Ses jupes étaient aussi courtes que celles des autres filles, et ses cuisses plus musclées. Elle paraissait n’exister pour personne, sauf pour Germain, un camarade de classe qu'Andrew avait interrogé. Celui-ci parlait du talent que Jeanne montrait en mathématiques, qui devait lui permettre, disait-il, d'intégrer l'école polytechnique d'ici un an ou deux, puis de devenir astronaute. Et pourquoi pas ministre ?

Germain était-il amoureux d'elle ? Il avouait préférer les garçons. Mais il l'avait remarquée. Comme Andrew l'avait remarquée. À eux deux, ils formaient une confrérie de fanatiques absolus dont Jeanne ignorait l'existence. Elle avait deux admirateurs. Seulement deux. Andrew, de son côté, confiait à Germain qu'il aurait tout donné pour un seul baiser d'elle, pour une fois sa main appuyée sur sa nuque et ses yeux dans les siens. Mais il n'avait aucune expérience de l'amour et il ignorait où elle-même en était. 

Puis un troisième garçon est arrivé. C'était lui aussi la première fois qu'il venait au village. Il y était amené par un ami, il s'appelait Vincent et travaillait dans un garage près de Paris. Il possédait une voiture décapotable, encore qu’il avait été admis dans le groupe des plus jeunes, sans doute en attendant qu’on le connaisse mieux. Il était beau, le regard sombre et aussitôt qu'il l'a vu, Andrew a pensé que Vincent séduirait la jeune fille.

Jeanne et Vincent ne se regardaient pas. Ils ne se voyaient pas. Ils se tenaient à des kilomètres l'un de l'autre. Mais Andrew les observait. Et, soir après soir, il attendait que leurs regards se croisent.

Il y eut, un soir enfin, une projection de cinéma en plein air. Écran et projecteur avaient été installés sur une place qui se situait au sommet du village, devant l'ancien château, au milieu de masures depuis longtemps écroulées. À l'heure dite, il a fallu monter là-haut, en formant un cortège le long des rues étroites, en trébuchant sur les pavés disjoints, où les voix résonnaient. Andrew a cru que ce serait à cette occasion qu'ils se rapprocheraient. Mais non, Jeanne étaient parmi les premières et Vincent loin derrière.

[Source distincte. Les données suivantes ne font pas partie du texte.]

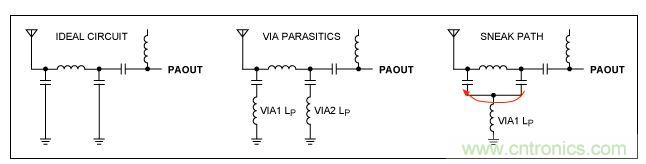 理想架構與非理想架構比較，電路中存在潛在的&ldquo;信號通路&rdquo;
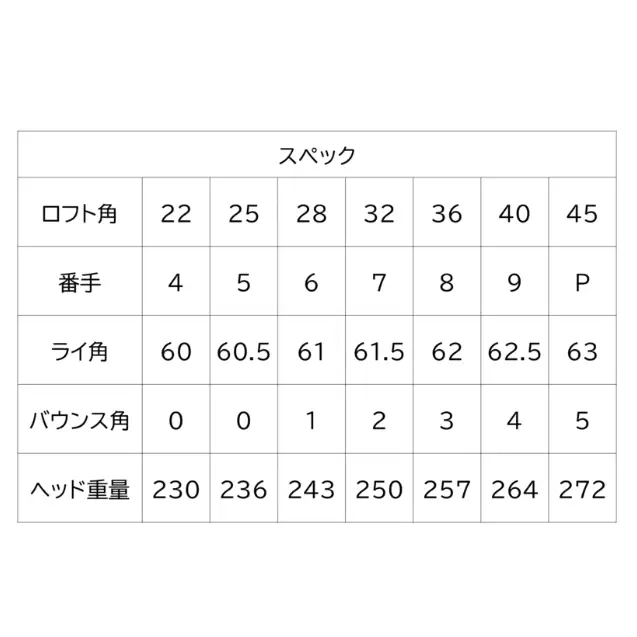 【藤本技工／ウルトラ軽量軟鉄鍛造アイアン】Fujimoto_BCS iron(7set) 65　1120BE01N./ 藤本技工 軟鉄鍛造 ゴルフアイアン 国産 ゴルフクラブ ゴルフ用品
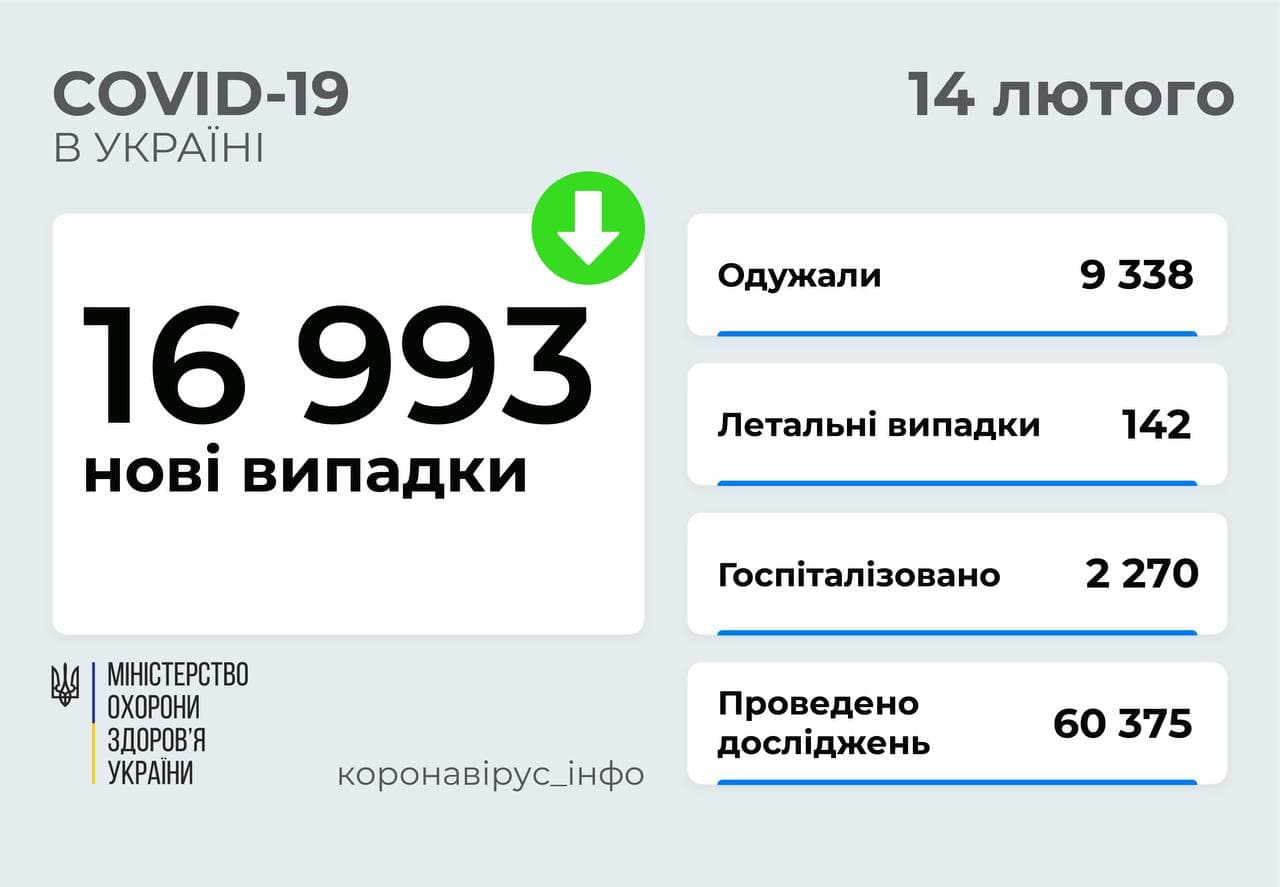 Майже 17 тисяч українців захворіли на COVID-19 за добу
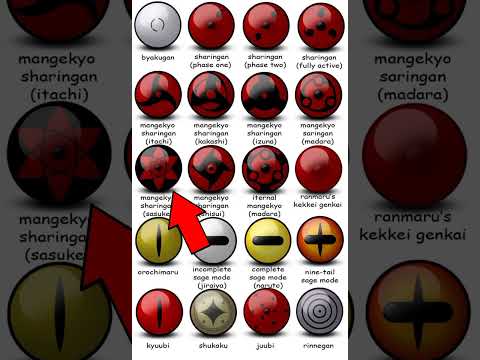 جميع أنواع العيون في ناروتو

Durant la projection (il s'agissait de La Grande Évasion, de John Sturges, avec Steve McQueen dans le rôle principal), Andrew s’est placé dans les tout derniers rangs pour mieux les surveiller. C’était absurde. Jeanne était placée loin devant. Il était impossible qu’elle devine où Vincent se tenait. Il y eut un instant pourtant, un seul, quand Steve McQueen fait rugir sa moto pour franchir avec elle les barrières de fil de fer barbelé que les soldats allemands tirent au milieu des champs, où elle s’est retournée. Parmi tous ces enfants assis dans l’obscurité, fascinés par l’écran, elle tourne la tête et regarde derrière elle, en direction de Vincent. Et Vincent, à l’autre bout d’un rang, la regarde aussi.

Quand et comment la jonction s'est-elle opérée ? Nul ne le sait. Au retour du cinéma, ils se tenaient par la main. Devant les yeux d’Andrew et de leurs autres camarades, Jeanne paraissait captive et accepter de l’être. Pour la première fois de sa vie, le lendemain soir, quand il a rejoint les autres sur le pont, Andrew apportait une bouteille de whisky et il s’est enivré.